Esteban no se había movido de su posición en toda la noche.
Tenía los músculos de los brazos entumecidos y la espalda rígida por haber permanecido horas en la misma postura, pero no le importaba en lo más mínimo. Su mirada oscura estaba fija en el rostro de Edu, detallando la forma en que su respiración se calmaba con cada segundo, la suavidad de su cabello oscuro y la total vulnerabilidad con la que se había entregado a su protección.
En el oscuro y despiadado mundo de la mafia, Esteban jamás había conocido la devoción. Su vida se había regido por contratos, lealtades compradas, sangre y una fría distancia emocional que lo mantenía a salvo de los traidores. Sin embargo, al mirar al chico que dormía plácidamente contra su pecho, comprendió que sus propias reglas acababan de incendiarse por completo. Edu no era un trofeo, ni un peón, ni un daño colateral; se había convertido en su debilidad más sagrada y, paradójicamente, en su fuerza más letal.
Unos golpecitos discretos, casi imperceptibles, resonaron en la puerta del estudio.
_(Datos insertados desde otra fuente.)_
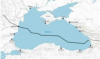 The Telegraph: Черно море: ЕС разработва план за сдържане на Русия (вкл. България)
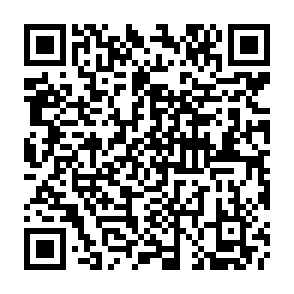 QR Code for Asian Regional Symposium of National Specialists on Population Aspects of Rural Social Security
Esteban frunció levemente el ceño, temiendo que el ruido pudiera despertar a Edu. Con un movimiento milimétrico y de una extrema delicadeza, enderezó un poco la espalda, liberando la presión sin apartar al chico de su lado, y dirigió la vista hacia la entrada.
La puerta se abrió lo justo para dejar ver el rostro serio de Romero, quien entró con sigilo felino, deteniéndose a varios metros de distancia al notar la escena. El jefe de seguridad bajó los ojos de inmediato, guardando un respeto absoluto.
—Jefe... —murmuró Romero en un tono apenas audible—. Todo está resuelto. Lo que quedó pendiente en el perímetro fue limpiado y no quedará rastro de ese sujeto en la ciudad. Nadie va a volver a molestar por estos rumbos.
Esteban asintió con lentitud, sin apartar la mano que acariciaba protectoramente la espalda baja de Edu.
—Buen trabajo, Romero —respondió con su voz ronca, controlando el volumen al máximo—. Asegúrate de que nadie se acerque a este ala de la mansión en todo el día. Que no haya ruidos, que nadie interrumpa.
—Entendido, jefe. ¿Necesita que mande a preparar alguna habitación en el piso principal para cuando despierte? —preguntó Romero con cautela.
Esteban miró el rostro de Edu, que se removió ligeramente buscando más calor antes de volverse a acomodar contra su pecho. Una sombra de posesividad silenciosa cruzó por la mirada del mafioso.
—No. Que preparen la habitación principal, la que está junto a la mía —ordenó Esteban sin dudarlo ni un segundo—. Y haz que traigan ropa adecuada, comida ligera y lo necesario. Cuando despierte, él estará donde yo pueda cuidarlo.
Romero asintió con la cabeza, comprendiendo la magnitud de la orden. Su jefe acababa de cruzar la línea definitiva, abriendo las puertas de su espacio más íntimo a alguien por primera vez en su vida.
—Enseguida me encargo de todo, jefe.
Sin decir una palabra más, Romero dio media vuelta y salió del estudio con la misma discreción con la que había entrado, cerrando la pesada puerta de caoba a sus espaldas.
El silencio volvió a envolver la estancia, roto únicamente por el suave latido del corazón de Esteban. Sosteniendo al chico entre sus brazos, el capo de la mafia cerró los ojos por un instante, sintiendo por primera vez en su vida que el frío de su imperio al fin encontraba un refugio cálido al cual pertenecer.